Debra thanked the woman and then Evan was wheeling her out the front doors of the building and around the side to where his car was. He would have to lift her into his car and then put the chair in the back.
He was looking at the back of the chair as he rolled her, trying to see if there was a lever or something to fold it up so it would fit in his truck. He didn’t see Turner Carson coming. Didn’t feel the blow to the back of his head. Didn’t get more than a grunt out as he fell to the ground.
Chapter 33
“Sam put in a call to a friend in the FBI,” Logan called back from the front of the rental car they’d had waiting for them when they landed in New Jersey. “He’s got a friend on the police force in Berkeley Heights. He’s going to have the friend roll by to do a well check on your mom.”
They were only minutes out from her mother’s care home, but Kaeden was glad Samantha had called in the favor. He knew it would make Jane feel better to know a police officer would be headed that way, too. As much as she hadn’t been able to rely on the police in her mother’s town to help them, having one on site when they arrived would be a good thing. Turner Carson didn’t have friends here the way he did back home.
The silence in the car was thick and heavy as they drove the last ten miles and Kaeden kept his hand on Jane’s leg, letting her know he was there for her.
“It’s just ahead on the right,” Jane said, directing Jack.
They had no idea what they were headed into. They could find her mom sitting there perfectly safe knitting or something. Or they might find Turner Carson had beaten them there and her mother was in trouble.
With any luck, there would at least be security he had to get through at the front desk. Surely her mother would be careful with who she allowed through to see her given her history with this man.
They pulled into the lot and Kaeden scanned the front of the building. It was a nice place. Large enough that he felt sure they would have a front desk that required visitors to check in.

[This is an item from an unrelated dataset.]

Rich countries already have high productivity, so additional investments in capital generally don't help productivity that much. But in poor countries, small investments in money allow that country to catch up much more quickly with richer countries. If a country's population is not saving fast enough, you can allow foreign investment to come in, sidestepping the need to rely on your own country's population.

Then he remembered the man who was visiting Jane’s mother had somehow gotten in to see her without registering as a visitor on the tour, so there must not be security around the grounds.
Jack parked in the second row from the front and they all got out of the car. Kaeden stayed close to Jane, wishing there was more he could do to support her. For now, holding her hand and being there by her side would have to be enough.

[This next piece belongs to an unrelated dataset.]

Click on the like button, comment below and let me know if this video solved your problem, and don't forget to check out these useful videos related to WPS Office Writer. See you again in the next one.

He scanned the lot and didn’t see anything out of the ordinary.
But as they neared the front entrance, a scream turned his blood cold and turned all of their attention toward the side of the building. Logan and Kaeden were in the lead as they turned to run that way.
Chad called out that he would go around the other side and Jack followed him.
Kaeden and Logan pulled ahead of Jane as they came around the corner. No way did Kaeden want her coming face to face with her mother’s husband without one of them between them. Sure, it was a caveman mentality, but he wouldn’t apologize for it. It was what it was.
Kaeden cursed when they saw what he had to assume was Jane’s mother and her husband a few yards away.
They stood near a wheelchair and it looked as though Turner had just pulled the woman from it. He held her roughly and when he spotted them, he turned pulling the woman up against him, his large hand around her neck as he held her in front of him like a shield.
Another man lay slumped by the wheelchair, not moving. They weren’t close enough to see if there was blood or how the man might be injured, but it didn’t look good.
“Mom!” Jane cried out, but Kaeden caught her around the waist.
Turner Carson looked like a man who hadn’t realized yet that he wasn’t going to be able to walk away from this unscathed. He looked at them like he fully expected them to walk away without helping the woman he so casually tossed around like a ragdoll.
Kaeden didn’t think he’d ever seen such hate in anyone’s eyes. Not in his years in the military when they were in firefights overseas. Not when he was facing down his platoon leader when he stopped him from raping Alyssa. Not when he’d faced the men who were angry at him for daring to speak out against their platoon leader.
And that hate was directed at Jane.
“You thought you could hide my wife from me, bitch,” Turner spat. “No one leaves me. No one hides from me.”
“Let her go, Turner!” Jane yelled, pleading as she tried to pull against Kaeden.
Kaeden put his mouth close to her ear. “Take it easy. We need to get your mom out of there without her getting hurt. And we don’t want him getting his hands on you, too.”
He had a feeling, whether the man realized it yet or not, that Turner now had very little to lose. There would be no denying this time, no covering up exactly what kind of man he was.
Kaeden could see the man’s hand closing on his wife’s neck and her eyes closing as she seemed to sway in his arms.
He heard a car come to a stop and glanced to the side to see the police officer Sam had sent for pulling up to the side of the bulding.
He actually heard the officer say, “holy shit,” before calling in the situation and asking for backup. Wonderful, they got a cop whose response was “holy shit.”